The inspiration for hadoop came from Google’s work on MapReduce a programming model for distributed computing that allowed big data to be stored, managed and accessed from multiple servers . Doug Cutting then created Hadoop to manage data which is too big for conventional Databases .
The library has been designed with a high degree of fault tolerance, instead of relying on high-end hardware , the resiliency of clusters comes from its ability to handle failures at application level.
Two important qualities of Apache Hadoop is its Efficiency and Robustness . Big Data application will continue to run even when individual servers/clusters fail and it does not require application to shuttle large volumes of data across network .
If you look deeper than you will realise that Hadoop is also modular means you can swap any of its components for different software tool making the whole architecture flexible , robust and highly efficient.
One of the reasons for Hadoop’s popularity is because companies  like Google, Yahoo. Facebook and Amazon use it on huge data sets . It makes shorter works for larger tasks managing the big data flowing for these online giants. But they aren’t the only ones who can benefit from it, enterprises are also adopting it on larger scales. Technology is being flowing from big internet companies and adapting it for enterprise environment.
                  
How Hadoop Works ?
Unlike traditional applications and hardware architectures Hadoop applications are more like Batch jobs that transforms data from a database into a data warehouse . In general terms hadoop takes chunks of data , perform actions on it and handovers to  another application to utilize and all this takes place at massive scale . This scale is achieved using Distributed Computing i.e larger no. of commodity computers processing the data at the same time . The only way to achieve this type of computing in a quick timeframe is to distribute to thousands of commodity servers . These server nodes are grouped into racks and further into clusters all connected by a high speed network.

Hadoop has Two main Subprojects :-

1.  HDFS (Hadoop Database File System)
This component helps to manage the data, split the data , put it on different nodes and replicate it . HDFS spans all nodes in cluster for data storage and links the file system on local nodes to make them into one big system . It achieves reliability by replicating data across multiple nodes  .
HDFS runs on a cluster of nodes and can handle very large no. of files, it breaks larger files on multiple nodes for efficient storage.

                  

2.  MapReduce
This component understands and assigns work to nodes in cluster . It performs parallel data processing ,progress rate and calculates the result of the job .
Hadoop’s supplemented with an ecosystem of Apache Projects like Pig , Hive and Zookeeper that extends the overall value and improves usability .
A Relational Database is analyzed using queries (SQL) .Non-Relational databases also use queries but are not constrained to SQL and can use other queries to pull information from databases . But hadoop does not involve any queries and is more of a data warehousing system , so it needs a system like Mapreduce to process and analyze its data .
MapReduce provides an efficient and fast way of running queries over big data . Instead of copying a file for querying it runs them on same system on which data is stored , on reducing they are sent back to the user program .
MapReduce runs a series of Job each being a separate Java Application . There are two steps in MapReduce process - Map and Reduce . Suppose you require to count no. of blogs regarding a specific entry lets say Big data and want to count no. of times hadoop , bigdata are mentioned.

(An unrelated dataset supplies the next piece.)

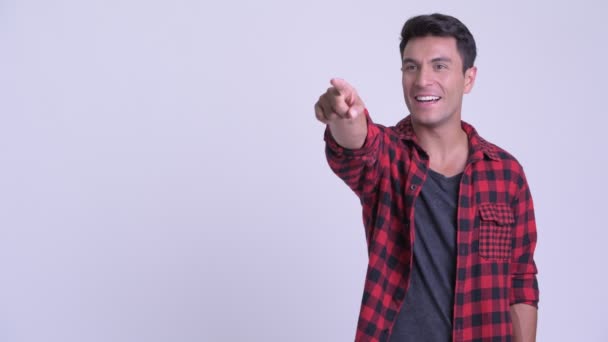 Lycklig ung spansktalande hipster man pekar finger och ser förvånad — Stockvideo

So first the file will split on HDFS then all nodes will pass through the map computation for their datasets i.e counting the no. of times those words show up . After mapping the node output is a list of key-value pairs , this result is then sent to other nodes as inputs for reduce step. Before commencing the reduce step these key value pairs are shuffled and stored . The reduce step then sums up list into single entries for individual word .
          

3.  Job Tracker
Its one of the important components of Hadoop and is responsible to manage everything stated above . If manually we have to divide terabytes of data and copy it to thousands of computers then the process will take forever to kick job off . So there is  a set of components which automates this step . Entire process is a Job in Hadoop and Job Tracker divides each job into tasks and schedules them to run on nodes. It keeps tracks of all participating nodes , handles failures and monitors the process . Task Tracker reports to the Job tracker and runs tasks. With this arrangement hadoop can distribute jobs on larger number of nodes in parallel .                                  
Hadoop is most widely used system for managing large amounts of data and has surely changed the dynamics and economics of large scale computing .

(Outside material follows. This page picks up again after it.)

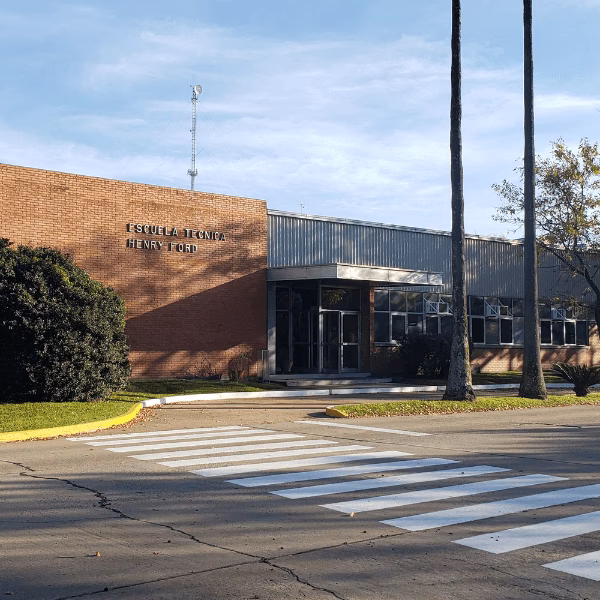 ¿Cuál fue la educación de Henry Ford?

So lets Boil down some of its powerful capabilities and salient characteristics -
1. Flexibility -
Hadoop can absorb any type of structured or unstructured data and is schema-less . Data from any no. of sources can be aggregated for deeper analysis in arbitrary ways .

2.  Scalability -
New nodes can be easily added without the need to change data formats or how jobs are written or data is loaded etc.  It doesn’t requires data to be changed in a different format like in a traditional data warehouse . Data is not lost in translation process in hadoop . It is a good framework that allows data analysts to choose when and how to perform data analysis.

3. Cost Efficiency -
It offers massive parallel computing which results in sizeable decrease in cost per terabyte of storage  and nodes can be added or removed as per project demands . This ability is driving organization to harness more data for projects which previously never made any business sense .

4.  Complex Data Analysis -
Hadoop considers complex and diverse data like images , videos , text , real-time feeds, devices, scientific sensors etc . While it is often used for petabytes of data many organization perform processing on terabytes scale , hadoop with its mapreduce framework can abstract the complexity of distributed parallel processing across multiple nodes providing huge benefits of scaling .

5.  Fault Tolerance  -
It is highly robust , it will continue to run even when clusters fail and even you lose a node the system redirects work onto another location without posing a break in processing .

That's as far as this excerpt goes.